**Working data:**
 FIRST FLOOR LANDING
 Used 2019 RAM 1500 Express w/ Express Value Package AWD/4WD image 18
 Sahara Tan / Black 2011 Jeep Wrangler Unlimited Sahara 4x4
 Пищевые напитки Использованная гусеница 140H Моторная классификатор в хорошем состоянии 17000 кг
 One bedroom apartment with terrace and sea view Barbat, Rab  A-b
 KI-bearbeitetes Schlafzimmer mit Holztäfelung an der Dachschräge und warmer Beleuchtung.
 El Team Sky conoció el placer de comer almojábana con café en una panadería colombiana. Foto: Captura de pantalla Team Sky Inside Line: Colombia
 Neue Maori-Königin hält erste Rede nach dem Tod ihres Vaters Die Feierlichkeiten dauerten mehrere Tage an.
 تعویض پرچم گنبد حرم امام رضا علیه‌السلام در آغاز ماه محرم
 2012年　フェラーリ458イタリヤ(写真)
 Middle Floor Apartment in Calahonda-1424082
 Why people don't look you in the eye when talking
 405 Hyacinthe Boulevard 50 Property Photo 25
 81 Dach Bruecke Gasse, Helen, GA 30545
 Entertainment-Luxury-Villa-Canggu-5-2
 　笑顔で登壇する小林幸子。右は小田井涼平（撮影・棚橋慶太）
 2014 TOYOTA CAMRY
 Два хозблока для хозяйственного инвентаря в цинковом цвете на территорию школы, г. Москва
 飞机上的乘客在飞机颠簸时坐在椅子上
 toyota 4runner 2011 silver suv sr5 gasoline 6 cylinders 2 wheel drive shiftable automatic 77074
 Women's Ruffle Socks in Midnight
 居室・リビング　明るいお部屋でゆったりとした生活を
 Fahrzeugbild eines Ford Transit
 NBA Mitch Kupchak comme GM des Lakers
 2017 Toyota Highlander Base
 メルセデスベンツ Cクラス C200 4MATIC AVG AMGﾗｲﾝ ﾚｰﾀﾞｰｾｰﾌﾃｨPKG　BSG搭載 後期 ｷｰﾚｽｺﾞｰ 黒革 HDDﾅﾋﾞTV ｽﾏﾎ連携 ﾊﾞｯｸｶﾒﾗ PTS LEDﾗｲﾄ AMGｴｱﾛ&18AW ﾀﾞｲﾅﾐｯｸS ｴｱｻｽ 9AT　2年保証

**Exercise brief:** Return all of the data word for word.

**Result for this exercise:**
 FIRST FLOOR LANDING
 Used 2019 RAM 1500 Express w/ Express Value Package AWD/4WD image 18
 Sahara Tan / Black 2011 Jeep Wrangler Unlimited Sahara 4x4
 Пищевые напитки Использованная гусеница 140H Моторная классификатор в хорошем состоянии 17000 кг
 One bedroom apartment with terrace and sea view Barbat, Rab  A-b
 KI-bearbeitetes Schlafzimmer mit Holztäfelung an der Dachschräge und warmer Beleuchtung.
 El Team Sky conoció el placer de comer almojábana con café en una panadería colombiana. Foto: Captura de pantalla Team Sky Inside Line: Colombia
 Neue Maori-Königin hält erste Rede nach dem Tod ihres Vaters Die Feierlichkeiten dauerten mehrere Tage an.
 تعویض پرچم گنبد حرم امام رضا علیه‌السلام در آغاز ماه محرم
 2012年　フェラーリ458イタリヤ(写真)
 Middle Floor Apartment in Calahonda-1424082
 Why people don't look you in the eye when talking
 405 Hyacinthe Boulevard 50 Property Photo 25
 81 Dach Bruecke Gasse, Helen, GA 30545
 Entertainment-Luxury-Villa-Canggu-5-2
 　笑顔で登壇する小林幸子。右は小田井涼平（撮影・棚橋慶太）
 2014 TOYOTA CAMRY
 Два хозблока для хозяйственного инвентаря в цинковом цвете на территорию школы, г. Москва
 飞机上的乘客在飞机颠簸时坐在椅子上
 toyota 4runner 2011 silver suv sr5 gasoline 6 cylinders 2 wheel drive shiftable automatic 77074
 Women's Ruffle Socks in Midnight
 居室・リビング　明るいお部屋でゆったりとした生活を
 Fahrzeugbild eines Ford Transit
 NBA Mitch Kupchak comme GM des Lakers
 2017 Toyota Highlander Base
 メルセデスベンツ Cクラス C200 4MATIC AVG AMGﾗｲﾝ ﾚｰﾀﾞｰｾｰﾌﾃｨPKG　BSG搭載 後期 ｷｰﾚｽｺﾞｰ 黒革 HDDﾅﾋﾞTV ｽﾏﾎ連携 ﾊﾞｯｸｶﾒﾗ PTS LEDﾗｲﾄ AMGｴｱﾛ&18AW ﾀﾞｲﾅﾐｯｸS ｴｱｻｽ 9AT　2年保証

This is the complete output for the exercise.